Edeka und Netto: Bezahlen per Smartphone wird endlich real
Netto und Edeka geben jungen deutschen Startups bei Mobile Payment eine Chance
Bild: Edeka, Google
Bezahlen mit dem Handy galt schon seit Jahren als
Zukunftsgeschäft - doch es passierte nicht viel. Aber jetzt kommt es
Schlag auf Schlag, allein diesen Monat gab es mehrere neue
Ankündigungen. Edeka und Netto lassen über Smartphone-Apps an der
Supermarkt-Kasse bezahlen. American Express investiert in das
Berliner Start-up SumUp, einen von mehreren Anbietern von
Einsteck-Kartenlesern die Telefone und Tablets in Kassengeräte
verwandeln. SumUp-Konkurrent Payleven bringt seine Kartenleser in den
Apple Stores unter. Und das US-Schwergewicht PayPal bereitet mit
einer Werbekampagne den Boden für eine ernsthafte Ausweitung des
mobilen Geschäfts in Deutschland.
Der Markt ist in einer spannenden Pionier-Phase, in der verschiedenste Anbieter unterschiedliche Modelle ins Rennen schicken - und es ist noch völlig unklar, welcher Ansatz sich durchsetzen wird. Im vergangenen Jahr schossen die Kartenleser-Anbieter wie Pilze aus dem Boden. Auf den US-Vorreiter Square folgten neben Payleven und SumUp etwa auch iZettle aus Skandinavien. Inzwischen zeichnet sich jedoch ab, dass diese Dienste nur der Einstieg in eine neue digtale Servicewelt sein sollen.

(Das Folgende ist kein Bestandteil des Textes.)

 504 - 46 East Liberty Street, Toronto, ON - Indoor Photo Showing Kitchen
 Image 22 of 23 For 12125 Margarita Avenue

Kundenbindung ist ein wichtiges Ziel der Anbieter
Netto und Edeka geben jungen deutschen Startups bei Mobile Payment eine Chance
Bild: Edeka, Google
"Wir sehen für uns als Zukunftspfad, dass wir den Händlern
Lösungen anbieten wollen, die über das Bezahlen hinausgehen", sagt
etwa Payleven-Mitgründer Konstantin Wolff. Die Bezahl-Funktion sei
einer "erster Schritt, um eine Service-Plattform für kleine
Unternehmer und mittelständische anzubieten, die ihnen hilft, ihr
Geschäft zu betreiben." Dabei seien verschiedene Möglichkeiten
denkbar: "Alles, was mit dem Thema Kundenbindung zu tun hat, oder
auch Kassensysteme, Verwaltung und Buchhaltung sowie Steuern und
Warenwirtschaft." Derzeit arbeite Payleven an der strategischen
Planung dafür: "Am Ende ist der Blumenstrauß ziemlich groß und man
muss sich fokussieren."
Auch SumUp hat große Pläne: "Unsere Vision ist es, den Bezahlprozess grundlegend zu verändern, das ganze damit verbundene Erlebnis", sagt SumUp-Mitgründer Stefan Jeschonnek. Das Berliner Unternehmen arbeitet an dem Projekt SumUp Pay, das noch in diesem Jahr starten soll. Die Grundidee: Geldbörse oder Smartphone können beim Bezahlen ganz in der Tasche bleiben. Etwa in einem Kaffeehaus erkennt das System per Geodaten, dass ein Stammkunde das Lokal betreten hat, der Verkäufer bekommt ein Foto und das Lieblingsgetränk eingeblendet, zur Verifizierung schaut er dem Käufer nur ins Gesicht, Zahlung wird abgebucht.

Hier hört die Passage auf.